16th century Jesuits set up missions in the remote regions of Mexico’s Copper Canyon. They taught the indigenous Tarahumara Indians to raise livestock and introduced Old World plants to the region including grapevines for wine production.


The King of Spain a century later expulsed the Jesuits from Mexico replacing them with missionaries of the Franciscan order. In what could be described as a form of NAFTA in reverse - Mexico was ordered to cease wine production in order to protect the Spanish wine industry. As a result, Mexico never fully developed its wine industry potential despite it having excellent soil and climate for grape production.

The Copper Canyon mountain village of Ceracahui (sero-kah-wee) enjoys a micro-climate that approximates Spring-like weather conditions year-round ensuring perfect grape harvests year after year. Or, one could say, century after century.

When the Jesuits left Cerocahui, the vineyards were destroyed - except for some cuttings secretly replanted behind Jose Maria Sanchez’s casa. Jose Maria’s familia preserved the vines, caring for, protecting and enjoying them for many generations up until 25 years ago when the last Sanchez passed on without heirs.

The Old World Heirloom species of red grape was in danger of being lost forever but was saved when Sanchez’s gardener, working with the Mision Hotel in Cerocahui, decided to restore the vine by planting cuttings on unused land adjacent to the Tarahumara built stone Cathedral and Indian girls orphanage. The Mision vineyard located on a gentle rise in the middle of the village has been producing delicious wine ever since.

mexico hotel wine festival


hotel mision wine cellar

The vineyard has become the centerpiece for the colonial era hotel. All the guest rooms open to a rustic covered esplanade porch with hand-hewn chairs and benches that overlook the rows of grapevines. Deer, mountain lion, wild boar and coyote pelts decorate guestroom walls, vibrantly colored native woven spreads cover beds and antique cast iron wood stoves provide warmth on cool Alpine nights.
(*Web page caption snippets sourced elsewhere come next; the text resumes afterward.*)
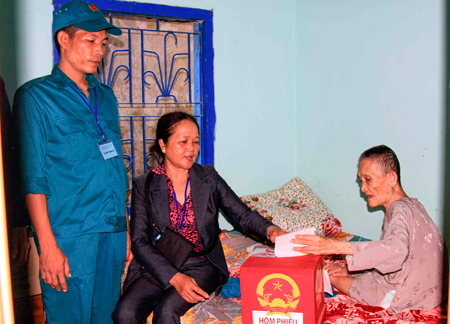 Tổ bầu cử mang thùng phiếu đến tận nhà để bà Đào Thị Này (ở đảo Trí Nguyên, phường Vĩnh Nguyên, TP. Nha Trang) bỏ phiếu bầu. Ảnh: M.H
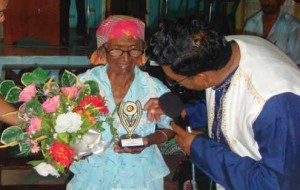 Bhuali being awarded for her devotion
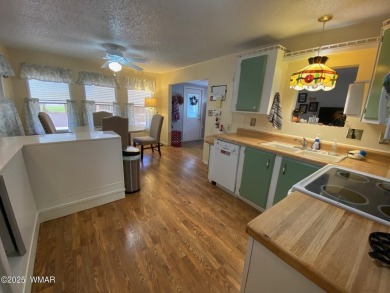 This cozy park model features 2 full bathrooms, a 40 gal hot on Juniper Ridge R.V. Golf Resort in Arizona - for sale on GolfHomes.com, golf home, golf lot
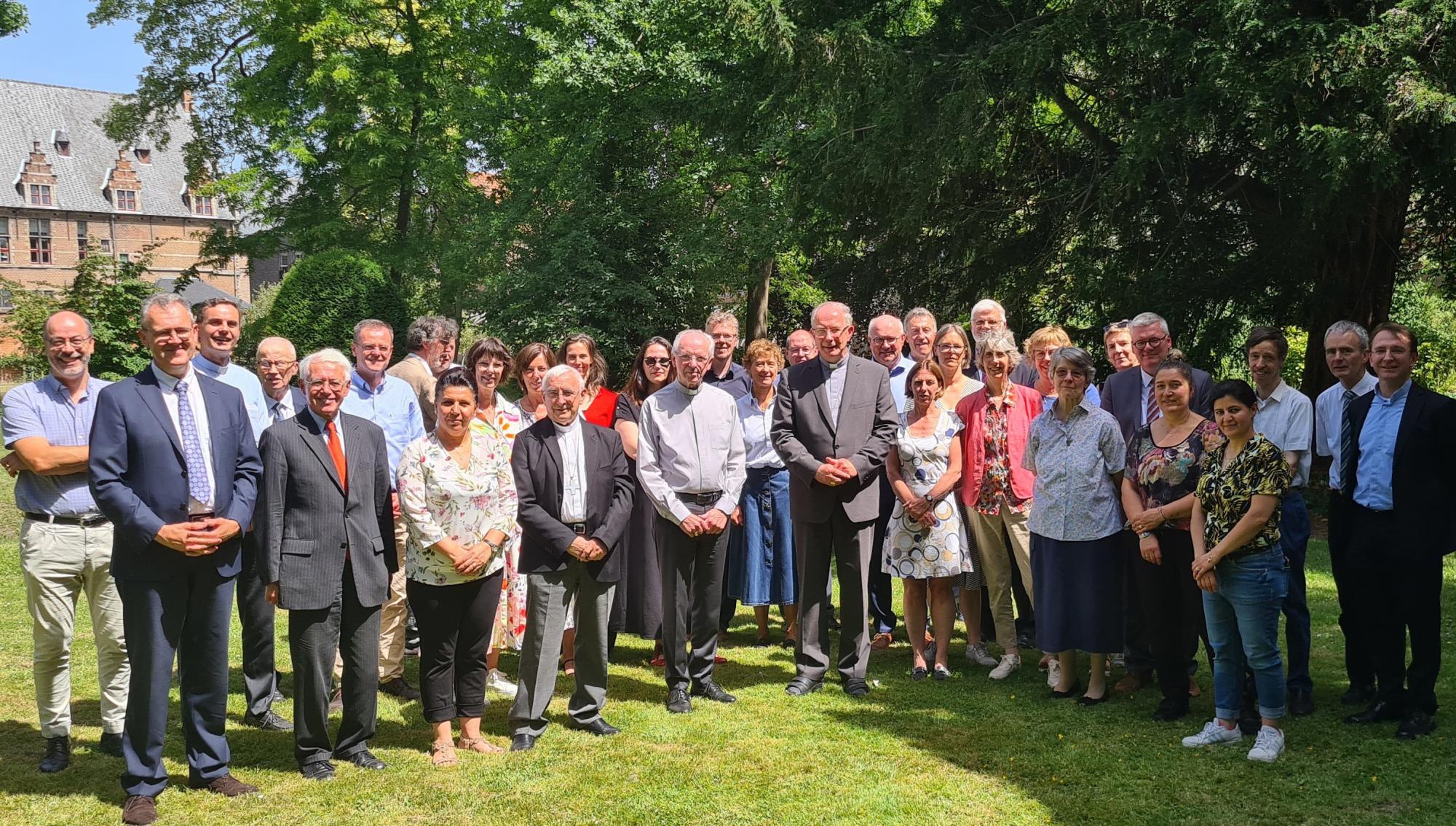 De jarige kardinaal Jozef De Kesel met de leden van de bisschopsraad en het personeel van het aartsbisdom in de tuin van het bisschopshuis in Mechelen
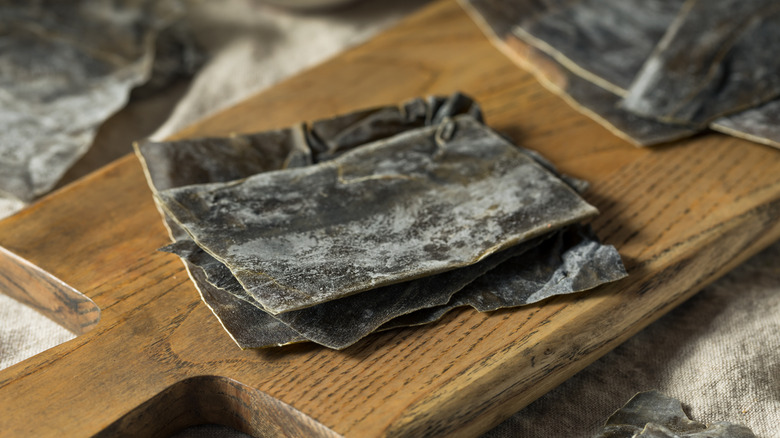 Dried kombu kelp seaweed on wood cutting board.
The hotel like the wine, grew out of the land rather than being imposed on it, like so many modern resorts.

Accomplished hotelier and chef Bernardo Balderrama has been pressed by wine experts to submit the Mision hotel’s wine to international competitions. He always declines stating that he is in the hotel business not the wine business. “If demand for our wine increased – the price would go up, and then we wouldn’t have enough for our guests.”

A perfect ending to an adventurous day of exploring the nearby waterfalls, forests and viewing the incredible Copper Canyon vistas from the rim nearby – would be to sit in front of the stone fireplace in the main salon and sip a glass or few of wine with fellow adventurers.

When one tastes the Mision wine of Cerocahui, one tastes the mountains, the rivers, the flora and fauna of the Canyons. The wine is part of the history, mystery and magic of the region infused with memories of Old Spain, Jesuit missionaries, Tarahumara Indians and generations of Jose Maria’s familia who preserved this bouquet of life for us to enjoy today.